- Work order -
Nothing but an exact copy is asked for: the lines in the material below from the one with "ml Dr. Popov" through the one with "Γυάλινο Βάζο 21x22.5x34", pictures excluded.

- Source data -
* * * * * * *

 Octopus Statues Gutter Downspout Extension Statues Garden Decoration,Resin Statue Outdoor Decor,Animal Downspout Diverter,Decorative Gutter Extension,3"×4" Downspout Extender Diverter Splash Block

* * * * * * *

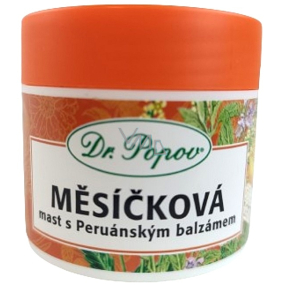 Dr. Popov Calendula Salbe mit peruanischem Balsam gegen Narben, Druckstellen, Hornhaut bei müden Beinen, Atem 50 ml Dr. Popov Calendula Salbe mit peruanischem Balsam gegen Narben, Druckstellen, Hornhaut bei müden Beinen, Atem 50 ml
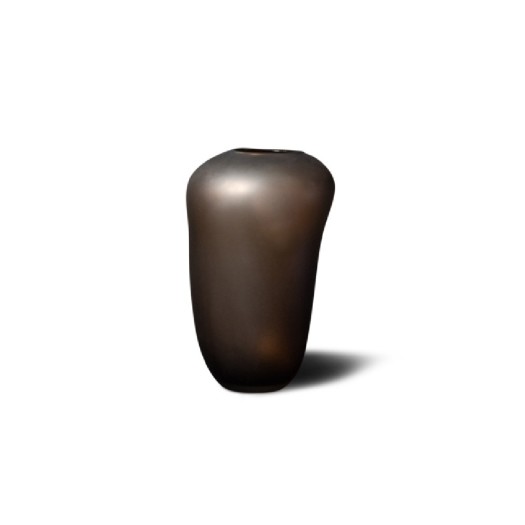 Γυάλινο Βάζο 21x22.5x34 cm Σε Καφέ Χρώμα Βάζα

* * * * * * *

- Response to the exercise -
 Dr. Popov Calendula Salbe mit peruanischem Balsam gegen Narben, Druckstellen, Hornhaut bei müden Beinen, Atem 50 ml Dr. Popov Calendula Salbe mit peruanischem Balsam gegen Narben, Druckstellen, Hornhaut bei müden Beinen, Atem 50 ml
 Γυάλινο Βάζο 21x22.5x34 cm Σε Καφέ Χρώμα Βάζα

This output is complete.